Corpora: Peer evaluation of (web-based) corpora and other materials

From: Mark Davies (mdavies@ilstu.edu)
Date: Thu Apr 06 2000 - 00:19:48 MET DST

  • Next message: Jason Eisner: "Corpora: 2nd CFP: Finite-State Phonology (SIGPHON 2000)"

    I hope this post is not too far off-topic, although it does pertain to the
    type of (web-based) corpora that many of us are creating for use inside and
    outside of academia. I also apologize for any cross-postings; I am sending
    this to two other lists as well.

    ------------------

    We are in the process of revising the promotion and evaluation procedures
    in all of the departments at Illinois State University, and I have been
    asked by a committee to get input from individuals at other institutions
    concerning how non-peer-reviewed, web-based materials could/should be
    evaluated by the institution.

    Perhaps I can provide some concrete examples of the type of issues that the
    committee is looking at. In my case, I have created several online corpora
    that have been used by researchers and students at other
    institutions. These include a "Polyglot Bible"
    (http://mdavies.for.ilstu.edu/bible) that allows users to search for a word
    in the entire Gospel of Luke in one of thirty languages and see all of the
    hits, along with (most importantly) the parallel passages for other related
    languages (eg. Gothic, Old English, Icelandic, German, etc), which allows
    cross-linguistic comparison. (A more expanded version of this is also
    available for just Latin, Old Spanish, and Modern Spanish
    (http://mdavies.for.ilstu.edu/bible/span3.htm), and includes nearly the
    entire Bible).

    More important for the type of issues the committee is looking at, I have
    created a searchable, web-based corpus of 3,000,000 words of historical
    Spanish texts (1200s-1900s) (http://mdavies.for.ilstu.edu/corpus), and I
    will soon start work on a web-based 100,000,000 word corpus of historical
    Spanish, based in large part on other available electronic corpora, but
    with enhanced search features and tied in with other linguistic tools (word
    frequencies, dictionaries, bibliographical information, etc). In each
    case, the materials have been used by many researchers and students at
    other institutions.

    In the evaluation of materials such as these, the committee wants to know
    what the procedures and policies are at other institutions. For example:

    1a) In general terms, are materials that are not peer-reviewed at the
    outset (but rather are simple something that a researcher has created and
    puts on the web, and only later receives some type of external validation)
    considered for promotion and evaluation?
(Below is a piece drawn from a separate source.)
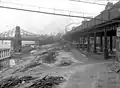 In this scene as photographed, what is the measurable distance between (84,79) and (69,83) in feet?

    1b) If so, at what level are they considered -- that of books, journal
    articles, book reviews, or potentially any of these levels, depending on
    the quality of the materials?

    2a) Since they are not peer-reviewed at the outset, is the faculty member
    expected to provide documentation to show how they have been used and
    accepted by peers at other institutions?

    2b) If so, what form would this documentation take -- logfiles showing the
    number of hits, email from many different users, comments from a selected
    set of peers, etc.

    3) Many of these materials would be used by both researchers _and_ students
    at other institutions -- probably much more than a journal article, which
    would be primarily used by other researchers. Therefore, how can one avoid
    "double-dipping", by including these materials in both the "scholarly" and
    the "teaching" categories, for those institutions that organize things
    thusly? In other words, would developers need to document and prove that
    one or the other groups (scholars / students) are the main users of the
    resource?

    I would very much appreciate your comments on any of these questions
    (mdavies@ilstu.edu). Although I will most likely just be summarizing the
    responses for presentation to the committee, please feel free to indicate
    if you would like your comments to be anonymous.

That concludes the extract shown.